Work required:
For the data that follows, print the line with "ANKOMINA Women's Rhinestone", the line with "with Keys Black", and all lines between them, exactly as they stand. Omit pictures and add nothing.

Dataset START

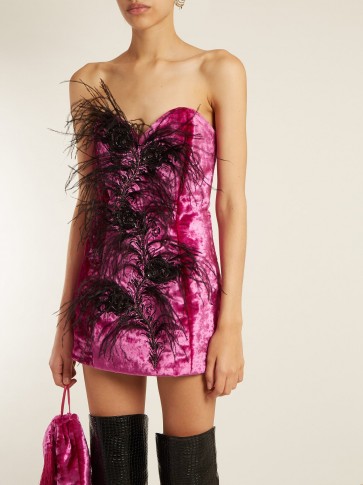 ATTICO Feather-trim pink velvet bustier mini dress
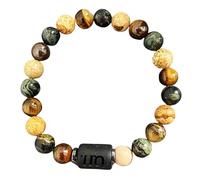 DBHDG Pulsera de cuentas del zodiaco para hombre - Pulsera con peso para hombre con cuentas de piedras naturales, joya de sanación espiritual para regalo (Virgo)
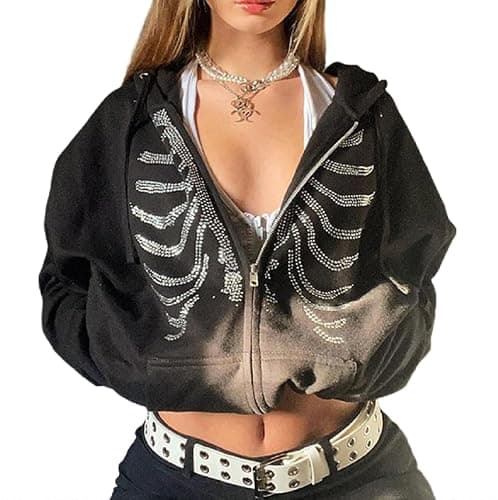 ANKOMINA Women's Rhinestone Skeleton Hoodies Zip Up Sweatshirts Y2K Long Sleeve Skull Jacket Pullover Tops - Medium - Black thumbnail 4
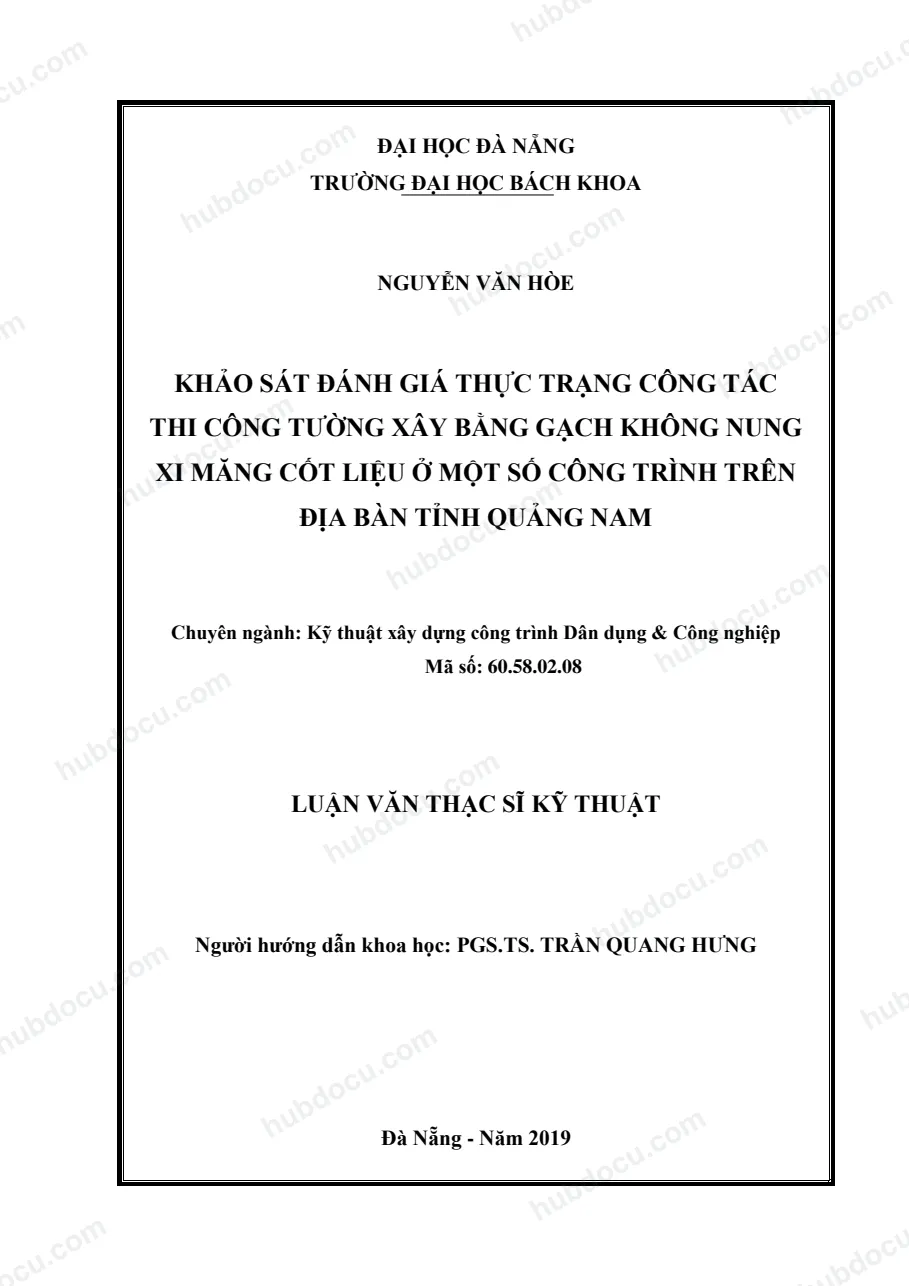 LVTS_ Khảo sát đánh giá thực trạng công tác thi công tường xây bằng gạch không nung xi măng cốt liệu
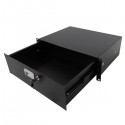 [US-W]19" 3U Steel Plate DJ Drawer Equipment Cabinet with Keys Black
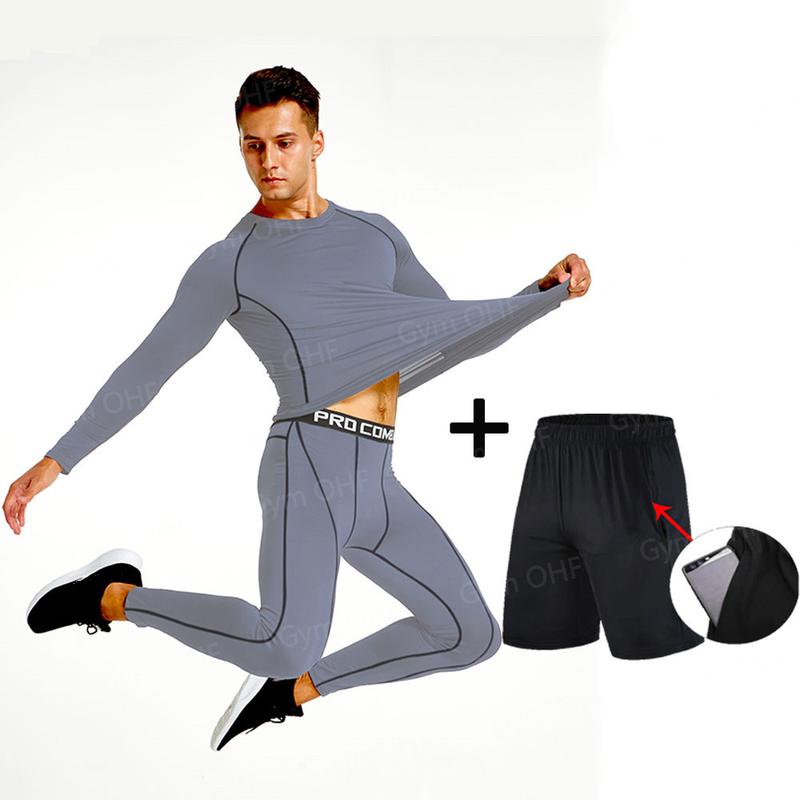 Product Introduction of Sports Fitness Suit Quick Drying Compression Elastic Long Sleeve Summer Long Sleeve Pants Track and Field Training Wear for Men and Women Comfortable, Convenient and Breathable 21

Dataset END

Output of the exercise:
 ANKOMINA Women's Rhinestone Skeleton Hoodies Zip Up Sweatshirts Y2K Long Sleeve Skull Jacket Pullover Tops - Medium - Black thumbnail 4
 LVTS_ Khảo sát đánh giá thực trạng công tác thi công tường xây bằng gạch không nung xi măng cốt liệu
 [US-W]19" 3U Steel Plate DJ Drawer Equipment Cabinet with Keys Black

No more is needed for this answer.